Коль скоро творческая личность умирает, жизнь и смерть равноценны; это лишь вопрос контрапункта. Жизненно важно, однако, то, как и где такой человек встречает жизнь – или смерть. Жизнь может быть более мертвой, нежели смерть, а смерть, со своей стороны, может открывать дорогу к жизни. Вопреки стоячему болоту, в котором мы сейчас барахтаемся, Лоуренс остается блистательно живым. Нет нужды говорить, что Пруст и Джойс кажутся более выразительными: они отражают время.
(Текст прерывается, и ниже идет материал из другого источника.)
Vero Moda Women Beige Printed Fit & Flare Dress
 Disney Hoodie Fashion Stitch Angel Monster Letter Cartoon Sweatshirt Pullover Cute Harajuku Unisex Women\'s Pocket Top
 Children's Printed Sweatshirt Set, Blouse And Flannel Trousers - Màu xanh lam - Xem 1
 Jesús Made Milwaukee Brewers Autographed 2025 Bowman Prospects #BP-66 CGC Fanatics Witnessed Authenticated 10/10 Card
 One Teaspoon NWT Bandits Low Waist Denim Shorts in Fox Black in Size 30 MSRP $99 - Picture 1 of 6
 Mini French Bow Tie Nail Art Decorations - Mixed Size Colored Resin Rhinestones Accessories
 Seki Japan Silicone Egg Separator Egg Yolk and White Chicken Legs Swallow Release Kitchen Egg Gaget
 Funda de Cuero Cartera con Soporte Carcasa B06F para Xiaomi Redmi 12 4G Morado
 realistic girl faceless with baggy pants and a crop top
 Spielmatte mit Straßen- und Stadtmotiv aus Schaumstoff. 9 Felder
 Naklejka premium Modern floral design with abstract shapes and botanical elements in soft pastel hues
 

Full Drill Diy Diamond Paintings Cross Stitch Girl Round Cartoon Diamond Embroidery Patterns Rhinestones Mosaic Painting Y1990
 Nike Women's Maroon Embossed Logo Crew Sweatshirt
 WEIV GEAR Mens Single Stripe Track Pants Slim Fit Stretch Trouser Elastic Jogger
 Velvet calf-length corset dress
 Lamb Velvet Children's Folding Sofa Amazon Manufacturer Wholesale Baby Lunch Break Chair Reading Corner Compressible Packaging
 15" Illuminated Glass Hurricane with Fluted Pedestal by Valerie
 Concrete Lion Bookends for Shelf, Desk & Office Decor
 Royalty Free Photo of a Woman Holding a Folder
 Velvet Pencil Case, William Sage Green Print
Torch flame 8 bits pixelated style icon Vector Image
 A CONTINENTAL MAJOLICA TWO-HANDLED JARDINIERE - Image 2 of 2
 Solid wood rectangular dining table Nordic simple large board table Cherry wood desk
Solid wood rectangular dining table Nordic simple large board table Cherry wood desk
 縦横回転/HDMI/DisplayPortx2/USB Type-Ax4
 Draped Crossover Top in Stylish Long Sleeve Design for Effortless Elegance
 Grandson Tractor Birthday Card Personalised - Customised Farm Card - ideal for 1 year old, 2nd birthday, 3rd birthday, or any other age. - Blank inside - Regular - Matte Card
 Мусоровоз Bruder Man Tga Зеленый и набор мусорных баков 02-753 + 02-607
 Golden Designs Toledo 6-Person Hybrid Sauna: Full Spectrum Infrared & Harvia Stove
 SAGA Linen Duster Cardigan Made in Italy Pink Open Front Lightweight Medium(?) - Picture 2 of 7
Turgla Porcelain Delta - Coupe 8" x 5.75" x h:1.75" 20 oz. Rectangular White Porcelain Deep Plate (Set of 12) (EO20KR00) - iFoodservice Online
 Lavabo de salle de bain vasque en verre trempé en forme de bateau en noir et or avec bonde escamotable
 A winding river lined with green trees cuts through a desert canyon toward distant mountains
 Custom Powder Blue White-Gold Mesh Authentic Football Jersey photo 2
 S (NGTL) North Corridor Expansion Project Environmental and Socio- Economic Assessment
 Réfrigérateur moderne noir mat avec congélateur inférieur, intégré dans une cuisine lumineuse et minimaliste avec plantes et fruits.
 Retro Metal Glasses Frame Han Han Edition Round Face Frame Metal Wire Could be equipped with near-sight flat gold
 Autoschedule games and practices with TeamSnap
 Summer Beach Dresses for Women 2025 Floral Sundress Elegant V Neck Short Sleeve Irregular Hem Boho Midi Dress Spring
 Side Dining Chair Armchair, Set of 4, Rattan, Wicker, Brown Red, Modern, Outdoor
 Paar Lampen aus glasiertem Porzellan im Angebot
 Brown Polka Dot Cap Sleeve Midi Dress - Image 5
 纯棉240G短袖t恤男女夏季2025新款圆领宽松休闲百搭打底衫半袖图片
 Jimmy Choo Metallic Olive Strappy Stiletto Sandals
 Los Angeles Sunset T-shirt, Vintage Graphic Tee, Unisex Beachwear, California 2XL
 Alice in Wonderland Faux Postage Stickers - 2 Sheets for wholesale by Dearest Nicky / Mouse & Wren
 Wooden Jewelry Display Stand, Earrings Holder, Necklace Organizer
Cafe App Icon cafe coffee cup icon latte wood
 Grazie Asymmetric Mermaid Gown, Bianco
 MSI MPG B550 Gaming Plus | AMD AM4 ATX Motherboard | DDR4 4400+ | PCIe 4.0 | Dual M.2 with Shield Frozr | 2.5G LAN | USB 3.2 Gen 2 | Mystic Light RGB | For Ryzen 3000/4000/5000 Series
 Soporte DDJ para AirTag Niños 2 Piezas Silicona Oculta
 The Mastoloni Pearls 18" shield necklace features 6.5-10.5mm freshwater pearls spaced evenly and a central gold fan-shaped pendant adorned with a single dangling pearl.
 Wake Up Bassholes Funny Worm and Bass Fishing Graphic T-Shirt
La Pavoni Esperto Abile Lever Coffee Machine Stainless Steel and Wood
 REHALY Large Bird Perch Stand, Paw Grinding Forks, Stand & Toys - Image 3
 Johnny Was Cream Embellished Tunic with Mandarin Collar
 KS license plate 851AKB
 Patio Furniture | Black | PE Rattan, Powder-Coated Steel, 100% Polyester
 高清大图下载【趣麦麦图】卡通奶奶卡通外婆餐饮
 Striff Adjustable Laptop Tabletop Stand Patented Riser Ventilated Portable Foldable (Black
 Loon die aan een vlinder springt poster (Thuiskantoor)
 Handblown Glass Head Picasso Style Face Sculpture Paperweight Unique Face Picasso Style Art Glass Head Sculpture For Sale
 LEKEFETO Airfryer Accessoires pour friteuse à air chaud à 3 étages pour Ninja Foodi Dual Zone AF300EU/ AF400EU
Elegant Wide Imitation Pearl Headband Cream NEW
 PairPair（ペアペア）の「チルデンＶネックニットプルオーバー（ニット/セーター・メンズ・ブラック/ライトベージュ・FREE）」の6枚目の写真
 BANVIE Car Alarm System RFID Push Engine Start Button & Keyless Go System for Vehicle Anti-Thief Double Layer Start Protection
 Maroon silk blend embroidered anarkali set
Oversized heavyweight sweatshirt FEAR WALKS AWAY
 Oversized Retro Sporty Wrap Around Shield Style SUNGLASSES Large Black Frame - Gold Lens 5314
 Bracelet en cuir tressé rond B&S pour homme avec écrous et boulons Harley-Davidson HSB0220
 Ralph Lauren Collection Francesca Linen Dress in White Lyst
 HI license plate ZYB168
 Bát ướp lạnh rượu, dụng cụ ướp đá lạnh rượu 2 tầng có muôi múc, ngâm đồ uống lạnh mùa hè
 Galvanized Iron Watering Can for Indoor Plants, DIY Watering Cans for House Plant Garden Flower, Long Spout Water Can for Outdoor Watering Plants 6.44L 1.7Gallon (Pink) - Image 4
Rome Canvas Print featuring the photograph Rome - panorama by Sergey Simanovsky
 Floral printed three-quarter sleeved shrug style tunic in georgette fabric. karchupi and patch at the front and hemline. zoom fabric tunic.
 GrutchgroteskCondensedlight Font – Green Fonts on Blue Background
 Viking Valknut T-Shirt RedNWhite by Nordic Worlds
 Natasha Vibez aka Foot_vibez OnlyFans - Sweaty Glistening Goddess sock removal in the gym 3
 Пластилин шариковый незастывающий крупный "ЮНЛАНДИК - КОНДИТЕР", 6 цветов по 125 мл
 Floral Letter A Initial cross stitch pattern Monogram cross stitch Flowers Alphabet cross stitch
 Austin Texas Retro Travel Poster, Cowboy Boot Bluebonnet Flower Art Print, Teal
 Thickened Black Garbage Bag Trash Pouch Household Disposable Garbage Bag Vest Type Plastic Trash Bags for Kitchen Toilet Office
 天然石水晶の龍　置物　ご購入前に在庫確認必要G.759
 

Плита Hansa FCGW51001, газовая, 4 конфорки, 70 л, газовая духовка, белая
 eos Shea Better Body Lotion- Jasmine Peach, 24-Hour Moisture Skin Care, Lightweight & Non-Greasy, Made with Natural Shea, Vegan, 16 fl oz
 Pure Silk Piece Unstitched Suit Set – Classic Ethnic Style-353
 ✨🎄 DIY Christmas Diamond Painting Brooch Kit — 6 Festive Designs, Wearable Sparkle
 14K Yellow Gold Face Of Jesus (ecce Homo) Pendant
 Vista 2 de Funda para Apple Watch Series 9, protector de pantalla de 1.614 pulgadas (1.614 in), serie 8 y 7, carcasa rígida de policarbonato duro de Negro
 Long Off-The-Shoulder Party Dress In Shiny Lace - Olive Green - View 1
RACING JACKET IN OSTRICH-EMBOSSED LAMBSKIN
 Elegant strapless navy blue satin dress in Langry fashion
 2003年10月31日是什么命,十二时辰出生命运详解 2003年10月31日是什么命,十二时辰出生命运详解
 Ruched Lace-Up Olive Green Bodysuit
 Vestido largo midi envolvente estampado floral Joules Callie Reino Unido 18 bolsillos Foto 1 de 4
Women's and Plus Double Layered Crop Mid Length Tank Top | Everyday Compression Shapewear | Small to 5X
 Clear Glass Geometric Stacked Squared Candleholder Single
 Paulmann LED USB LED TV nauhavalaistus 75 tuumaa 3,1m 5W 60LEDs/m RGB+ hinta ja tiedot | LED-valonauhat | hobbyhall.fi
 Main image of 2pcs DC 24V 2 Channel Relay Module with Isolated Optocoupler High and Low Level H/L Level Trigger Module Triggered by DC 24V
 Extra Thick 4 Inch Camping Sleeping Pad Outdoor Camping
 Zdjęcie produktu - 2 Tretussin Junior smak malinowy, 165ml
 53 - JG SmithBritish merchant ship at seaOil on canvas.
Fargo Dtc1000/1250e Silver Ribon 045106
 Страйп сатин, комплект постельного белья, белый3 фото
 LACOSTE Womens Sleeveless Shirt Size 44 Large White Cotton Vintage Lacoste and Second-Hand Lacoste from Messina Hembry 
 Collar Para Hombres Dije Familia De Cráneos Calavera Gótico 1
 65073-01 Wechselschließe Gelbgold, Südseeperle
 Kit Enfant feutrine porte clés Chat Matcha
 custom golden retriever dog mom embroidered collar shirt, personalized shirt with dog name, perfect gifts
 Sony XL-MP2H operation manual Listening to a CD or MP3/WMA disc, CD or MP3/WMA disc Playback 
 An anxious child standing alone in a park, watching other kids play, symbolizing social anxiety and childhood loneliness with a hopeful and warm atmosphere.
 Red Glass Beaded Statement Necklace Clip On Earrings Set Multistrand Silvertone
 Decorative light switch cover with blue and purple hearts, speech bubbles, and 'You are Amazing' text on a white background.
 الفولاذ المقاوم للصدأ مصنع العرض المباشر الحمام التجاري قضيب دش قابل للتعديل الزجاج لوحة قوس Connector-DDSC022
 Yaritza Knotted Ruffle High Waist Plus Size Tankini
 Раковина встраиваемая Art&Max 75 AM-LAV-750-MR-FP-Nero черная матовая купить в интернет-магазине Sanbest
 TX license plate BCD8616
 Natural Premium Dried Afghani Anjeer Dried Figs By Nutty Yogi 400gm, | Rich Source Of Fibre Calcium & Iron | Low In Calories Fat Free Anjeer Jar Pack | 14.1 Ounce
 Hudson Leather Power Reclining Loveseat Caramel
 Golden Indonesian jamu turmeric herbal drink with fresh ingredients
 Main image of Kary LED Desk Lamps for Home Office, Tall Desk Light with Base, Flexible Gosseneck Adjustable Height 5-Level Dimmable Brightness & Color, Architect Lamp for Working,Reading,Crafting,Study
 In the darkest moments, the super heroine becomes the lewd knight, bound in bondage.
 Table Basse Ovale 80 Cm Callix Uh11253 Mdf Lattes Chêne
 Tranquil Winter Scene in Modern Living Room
Мы не находим у них бунта – это капитуляция, самоубийство, и тем более горестное, что оно исходит из творческого источника.
Изучение двух этих современников Лоуренса позволяет нам увидеть процесс во всей его определенности и ясности. У Пруста полный расцвет психологизма – исповедальность, самоанализ, запрет на жизнь, превращение искусства в конечное оправдание и тем самым отделение его от действительности. Внутренний конфликт, в котором художник приносится в жертву. Огромная ретроспективная кривая назад, к утробе: подвешенность в состоянии смерти, умирание заживо для целей анатомирования. Приостановка вопрошания, никаких вопросов к грядущему, атрофия такой способности. Культ искусства ради него самого – не ради человека. Иными словами, искусство, рассматриваемое как средство спасения, как освобождение от страдания, как компенсация за ужас жизни. Искусство как субститут жизни. Литература отступления, бегства от жизни, невроза, но столь блестящая, что почти начинаешь сомневаться в действенности здоровья. До тех пор, пока не бросишь взгляд на этот «невроз здоровья», воспеваемый Ницше в «Рождении трагедии»[81].